Our all time favorite vacation is renting a canal boat and spending a week or two driving it through the English countryside. England has a network of canals that run throughout the country, from London up to Wales, with many circular routes or ‘rings’ in the center of the country.
The canal boats are not like any boat you’ve ever seen. They’re called narrow boats. They are basically long and thin steel barges, about 7 ½ feet wide and ranging from 45-65 feet long. They are like houseboats and can sleep anywhere from two to eight people. There is always a living/eating area, often with comfy chairs and a wood burning stove. There is a kitchen and bathroom in addition to at least one bedroom. They are amazingly roomy and comfortable.
The outside of the boats are painted in distinctive bright colors with classic patterns on them. They are beautiful and each boat is unique. The style is country craft meets gypsy. Lots of stylized floral motifs.
All the boats also have a small outside deck area where you sit or stand and steer the boat – from the back. The boat can only go about five miles per hour and you steer it with a single tiller. When another canal boat is coming in the other direction, you may only have six inches or so of space between the two boats. At first driving the boat is daunting and intimidating. But after a while, it becomes second nature and it’s no big deal.
Locks are something unique to canals. They are part of the allure and the culture of the canals. To get up and down the numerous hills and valleys, you go through locks. These are sluices that raise or lower the water level to the water level on the other side of the lock. In England, they are all manual and the boaters have to work the locks themselves. I don’t have the space here to go into lock technology. But it takes time and requires physical labor by the lock person, while the navigator drives the boat into and out of the lock compartments.
Locks add to the charm of the canal experience, except in the pouring rain or in 95 degree heat. We have experienced both.
The canals and the scenery alongside them are beautiful. You can drive through scenic farmland, dotted with cows and sheep. You can also go through heavily forested areas, suburbs with gorgeous canal side houses, or even swampland. There are also industrial towns along some of the routes. The canals were originally built in the eighteenth century for industries, like the famous English china factories such as Wedgewood. The canals were for the transportation of supplies and marketable goods back and forth around the country.

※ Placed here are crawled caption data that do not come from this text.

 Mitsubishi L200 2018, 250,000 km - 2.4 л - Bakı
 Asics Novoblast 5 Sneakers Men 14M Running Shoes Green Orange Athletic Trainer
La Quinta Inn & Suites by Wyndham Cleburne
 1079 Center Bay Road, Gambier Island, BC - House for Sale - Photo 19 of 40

Canal boating is a very self-contained and independent type of holiday. If you see a pub that appeals to you, you stop for a beer or a meal. And there are lots of picturesque pubs along all the canals. When you get to a town, you walk to the stores and shop for food or just putter around. When you’re ready to stop for the night, you pick a spot, pull over and hammer down stakes to hold the boat in place.

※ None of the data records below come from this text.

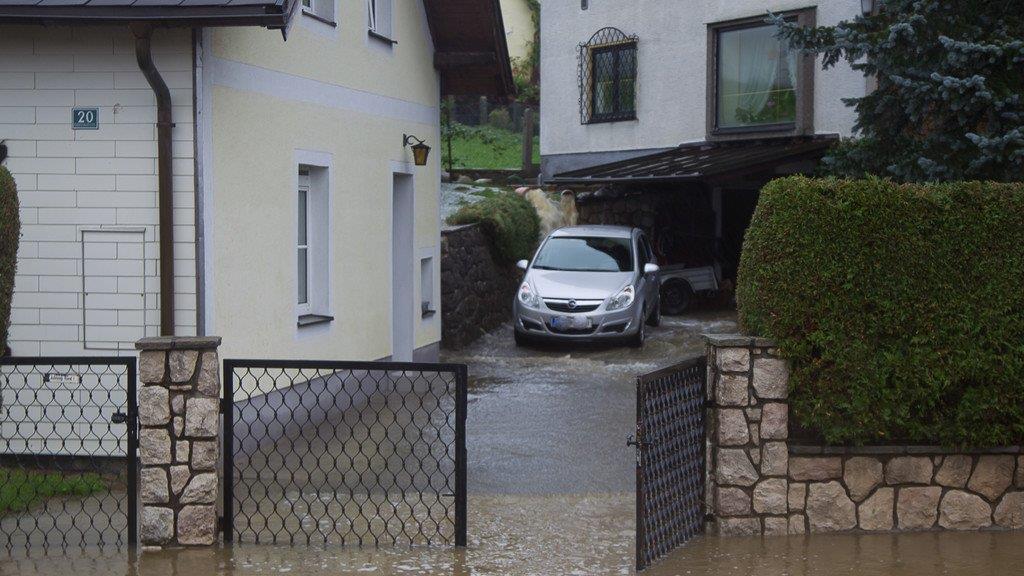 Wintereinbruch - Überflutungen in Bergheim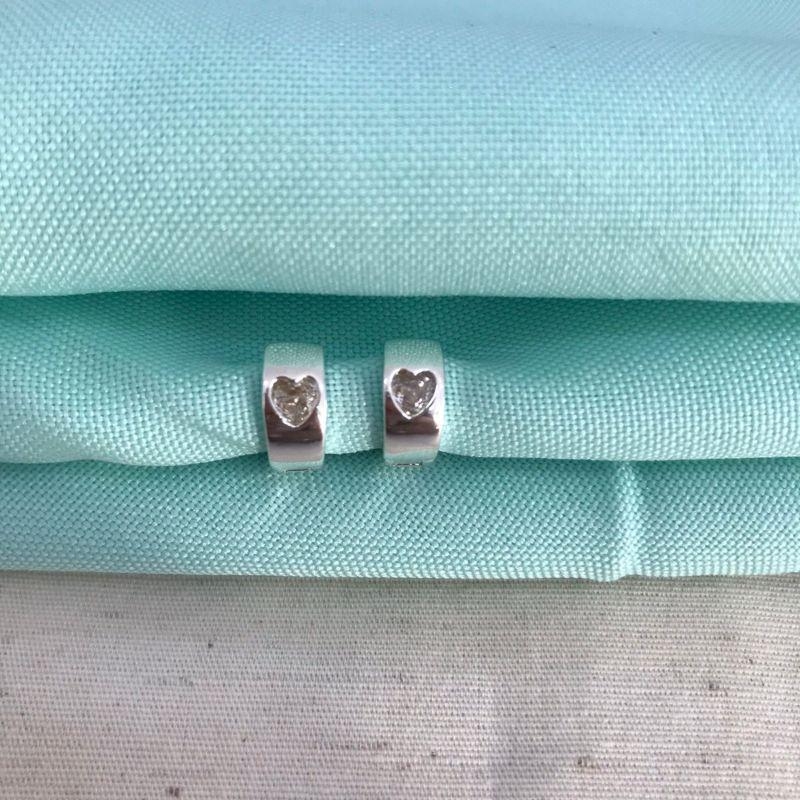 ARGOLA CORAÇÃO ZIRCÔNIA BANHADO A PRATA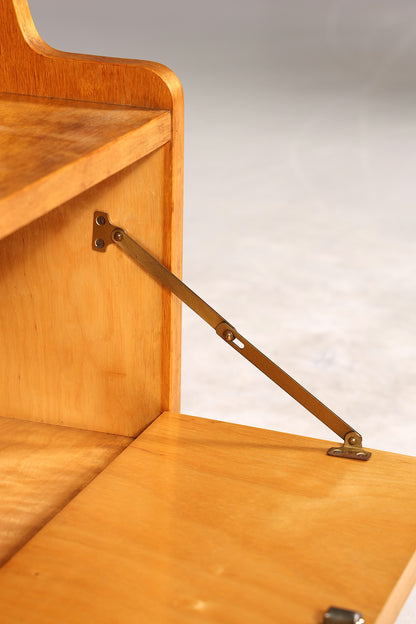 Schlichte Mid Century Kommode Vintage Klappschränkchen Danish Design Nachttisch 2 von 2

You get totally caught up in the peaceful, slow-paced world of the canals. You get friendly with other boaters camped near you or going through the locks with you. Many English boaters live on the canals for months at a time, often with their cats and/or dogs. That sounds idyllic to me!
I’ve been on three canal trips. One was with another couple and four young children and two were just with my husband, Tom. It’s one of the only vacations I want to go back to again and again. To reduce stress, when I think of a peaceful, happy place, I transport myself to a canal boat in the English countryside.